ASSIGNMENT:
Lines before the one containing "Signal yellow DoorBird" are not wanted; restate the rest below word for word, through the last line, but drop any pictures.

INFORMATION SUPPLIED:
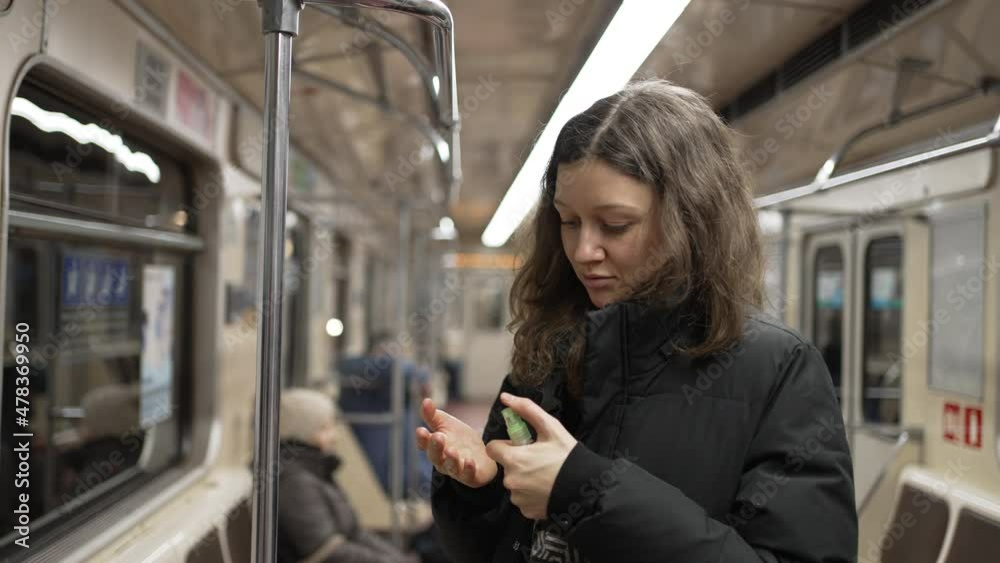 Young squeamish woman with dark wavy hair wearing warm jacket uses sanitizer on hands after holding handrail in underground carriage Young squeamish woman with dark wavy hair wearing warm jacket uses sanitizer on hands after holding handrail in underground carriage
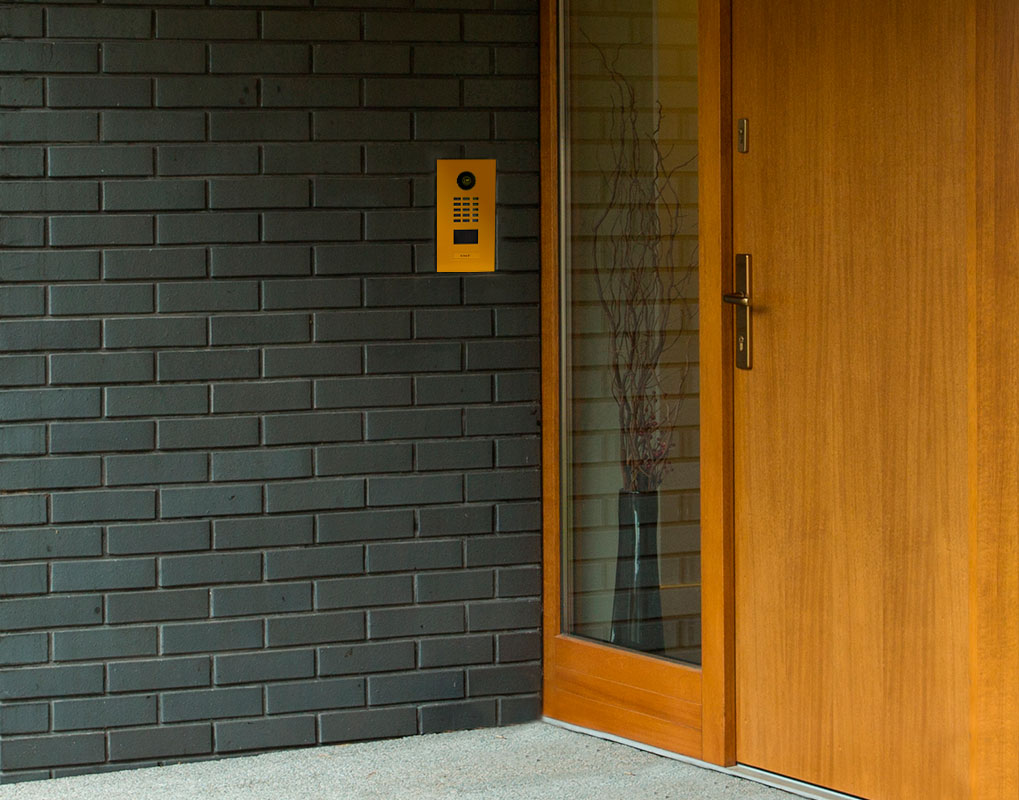 Signal yellow DoorBird IP video door station mounted on a brick wall by a door
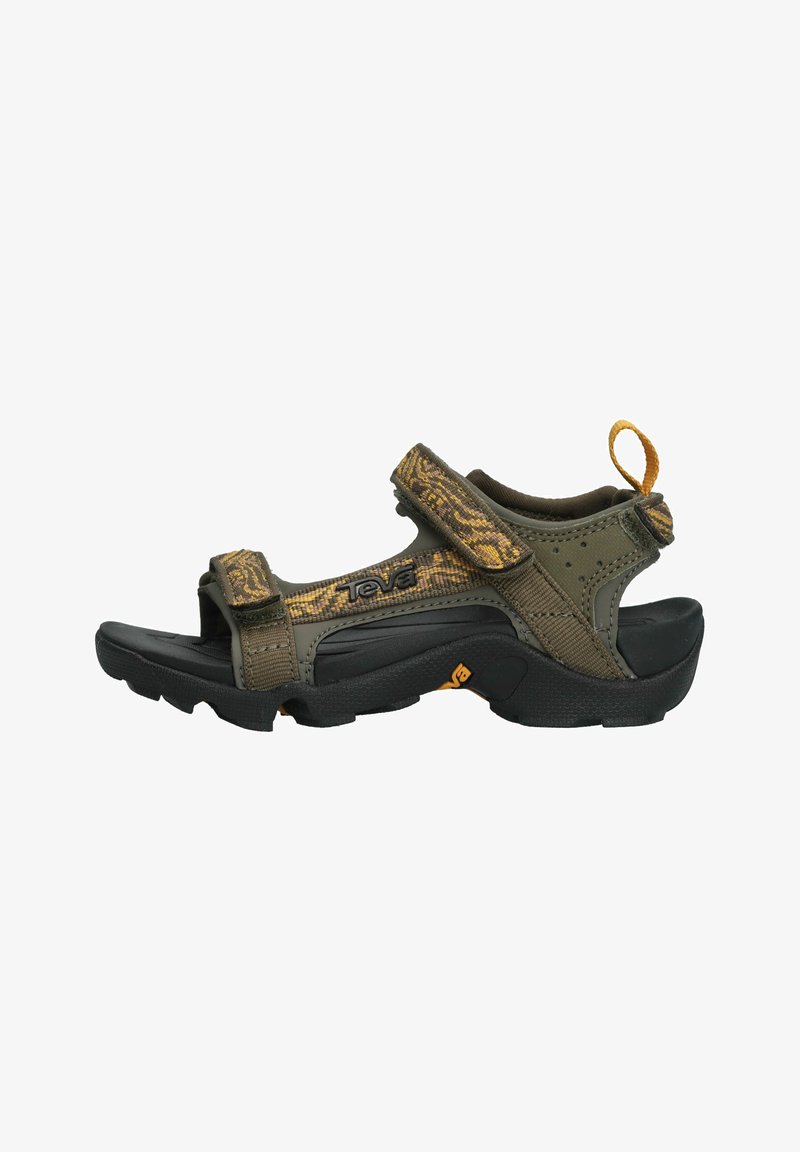 Teva sandals with a dark green fabric upper featuring a camouflage pattern, velcro straps, and a black rubber sole. Includes a rear pull tab.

RESPONSE TO THE TASK:
 Signal yellow DoorBird IP video door station mounted on a brick wall by a door
 Teva sandals with a dark green fabric upper featuring a camouflage pattern, velcro straps, and a black rubber sole. Includes a rear pull tab.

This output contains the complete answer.